A seguito della pandemia da Covid-19, la diffusione del telelavoro è salita a livelli senza precedenti ed è prevedibile che questo diventerà un elemento organizzativo fondamentale, sebbene modulare, nelle burocrazie pubbliche di tutto il mondo.

 

Gli effetti distorti del telelavoro posso erodere la componente sociale dell’esperienza lavorativa, alterando sia l’equilibrio lavoro-famiglia sia le prestazioni dell’intera organizzazione pubblica, con riflessi diretti sui servizi alla collettività. Appare dunque cruciale concentrarsi anche sulla percezione dei non telelavoratori rispetto all’introduzione di questa innovazione sul posto di lavoro.

 

Policy maker e manager pubblici dovrebbero dunque porre maggiore attenzione alle strategie convenzionalmente utilizzate per mitigare gli effetti negativi del telelavoro, concentrandosi da un lato sulla valorizzazione del team di lavoro nel suo insieme; dall’altro, favorendo l’integrazione di telelavoratori e non telelavoratori.

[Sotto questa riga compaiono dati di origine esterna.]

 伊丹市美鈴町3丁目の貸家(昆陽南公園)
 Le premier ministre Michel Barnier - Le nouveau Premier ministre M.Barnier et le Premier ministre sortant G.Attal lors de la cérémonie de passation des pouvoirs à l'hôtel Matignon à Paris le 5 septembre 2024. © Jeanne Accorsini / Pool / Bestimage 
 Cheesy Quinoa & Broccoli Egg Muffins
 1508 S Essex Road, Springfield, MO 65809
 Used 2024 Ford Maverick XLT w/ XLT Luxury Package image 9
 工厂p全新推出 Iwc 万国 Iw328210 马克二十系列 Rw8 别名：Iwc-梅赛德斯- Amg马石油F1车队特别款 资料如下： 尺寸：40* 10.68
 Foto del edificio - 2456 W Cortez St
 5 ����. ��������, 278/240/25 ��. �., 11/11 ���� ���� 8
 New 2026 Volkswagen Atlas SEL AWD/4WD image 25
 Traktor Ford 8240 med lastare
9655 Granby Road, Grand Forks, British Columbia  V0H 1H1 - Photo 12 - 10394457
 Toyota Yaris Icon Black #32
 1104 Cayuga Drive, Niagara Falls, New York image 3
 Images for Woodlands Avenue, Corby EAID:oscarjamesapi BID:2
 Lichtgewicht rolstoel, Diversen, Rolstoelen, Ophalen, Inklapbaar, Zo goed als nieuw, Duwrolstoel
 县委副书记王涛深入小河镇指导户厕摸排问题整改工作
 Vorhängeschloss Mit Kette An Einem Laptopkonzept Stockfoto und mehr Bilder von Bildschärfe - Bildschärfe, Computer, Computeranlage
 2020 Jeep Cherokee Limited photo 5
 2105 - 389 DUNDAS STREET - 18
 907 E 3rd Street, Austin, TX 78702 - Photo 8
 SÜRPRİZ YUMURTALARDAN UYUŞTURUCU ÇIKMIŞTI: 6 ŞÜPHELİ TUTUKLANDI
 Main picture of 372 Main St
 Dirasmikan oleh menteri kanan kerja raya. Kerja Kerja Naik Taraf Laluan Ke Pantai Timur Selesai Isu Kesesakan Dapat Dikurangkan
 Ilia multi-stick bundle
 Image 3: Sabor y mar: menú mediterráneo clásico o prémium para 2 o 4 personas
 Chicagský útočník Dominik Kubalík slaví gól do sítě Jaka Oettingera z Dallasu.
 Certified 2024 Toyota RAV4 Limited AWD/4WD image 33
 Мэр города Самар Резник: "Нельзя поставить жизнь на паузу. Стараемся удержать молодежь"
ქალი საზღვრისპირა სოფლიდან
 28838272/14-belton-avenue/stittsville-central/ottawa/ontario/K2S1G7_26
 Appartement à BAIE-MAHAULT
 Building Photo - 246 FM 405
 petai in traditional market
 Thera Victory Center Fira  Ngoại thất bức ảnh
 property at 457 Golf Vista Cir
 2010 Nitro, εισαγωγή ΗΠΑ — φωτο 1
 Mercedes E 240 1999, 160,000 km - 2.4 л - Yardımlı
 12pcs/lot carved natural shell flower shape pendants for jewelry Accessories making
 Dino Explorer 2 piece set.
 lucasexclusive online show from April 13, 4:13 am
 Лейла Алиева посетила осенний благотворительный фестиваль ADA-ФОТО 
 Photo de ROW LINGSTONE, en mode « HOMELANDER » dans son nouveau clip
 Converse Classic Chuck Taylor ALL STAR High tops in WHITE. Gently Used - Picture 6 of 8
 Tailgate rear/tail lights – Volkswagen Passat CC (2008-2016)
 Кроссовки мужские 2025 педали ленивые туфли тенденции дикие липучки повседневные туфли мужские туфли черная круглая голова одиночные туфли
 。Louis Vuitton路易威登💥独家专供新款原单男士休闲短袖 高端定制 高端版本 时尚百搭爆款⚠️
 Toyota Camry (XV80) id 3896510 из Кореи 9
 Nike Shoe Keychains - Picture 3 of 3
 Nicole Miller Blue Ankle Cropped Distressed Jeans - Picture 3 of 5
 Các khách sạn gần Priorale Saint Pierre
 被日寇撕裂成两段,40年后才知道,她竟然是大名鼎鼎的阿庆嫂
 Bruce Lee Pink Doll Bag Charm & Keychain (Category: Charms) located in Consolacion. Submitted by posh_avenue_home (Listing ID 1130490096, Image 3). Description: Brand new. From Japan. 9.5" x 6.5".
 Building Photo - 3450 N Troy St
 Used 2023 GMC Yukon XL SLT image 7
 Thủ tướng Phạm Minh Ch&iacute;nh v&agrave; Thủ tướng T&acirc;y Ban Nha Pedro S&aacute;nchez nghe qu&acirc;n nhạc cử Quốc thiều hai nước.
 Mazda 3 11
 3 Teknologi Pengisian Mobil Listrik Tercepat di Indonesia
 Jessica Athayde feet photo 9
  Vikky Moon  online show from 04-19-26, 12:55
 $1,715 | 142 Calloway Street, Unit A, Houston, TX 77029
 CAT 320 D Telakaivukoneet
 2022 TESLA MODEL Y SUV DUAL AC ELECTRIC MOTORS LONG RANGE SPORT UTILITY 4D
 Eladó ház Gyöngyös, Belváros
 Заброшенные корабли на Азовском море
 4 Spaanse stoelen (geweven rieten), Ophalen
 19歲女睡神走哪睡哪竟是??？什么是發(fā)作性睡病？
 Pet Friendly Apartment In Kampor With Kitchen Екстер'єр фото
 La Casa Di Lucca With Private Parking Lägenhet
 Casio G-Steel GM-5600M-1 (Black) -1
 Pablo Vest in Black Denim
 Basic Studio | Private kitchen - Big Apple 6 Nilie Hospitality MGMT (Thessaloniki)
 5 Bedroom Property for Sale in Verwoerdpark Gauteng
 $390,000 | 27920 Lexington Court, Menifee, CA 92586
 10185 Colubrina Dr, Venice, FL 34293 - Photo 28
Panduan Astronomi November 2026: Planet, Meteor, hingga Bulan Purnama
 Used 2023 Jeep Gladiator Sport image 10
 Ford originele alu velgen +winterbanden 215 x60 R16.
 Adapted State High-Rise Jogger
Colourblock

Soluzioni concrete in questa direzione includono: la progettazione di flussi di lavoro integrati che non parcellizzino i compiti dei singoli lavoratori; l’impiego di tecnologie che facilitino la comunicazione informale e la promozione di ambienti in grado di incoraggiare gli scambi personali tra colleghi, indipendentemente da dove lavorano. Tali considerazioni possono essere utili non solo in burocrazie pubbliche ma anche in organizzazioni complesse private.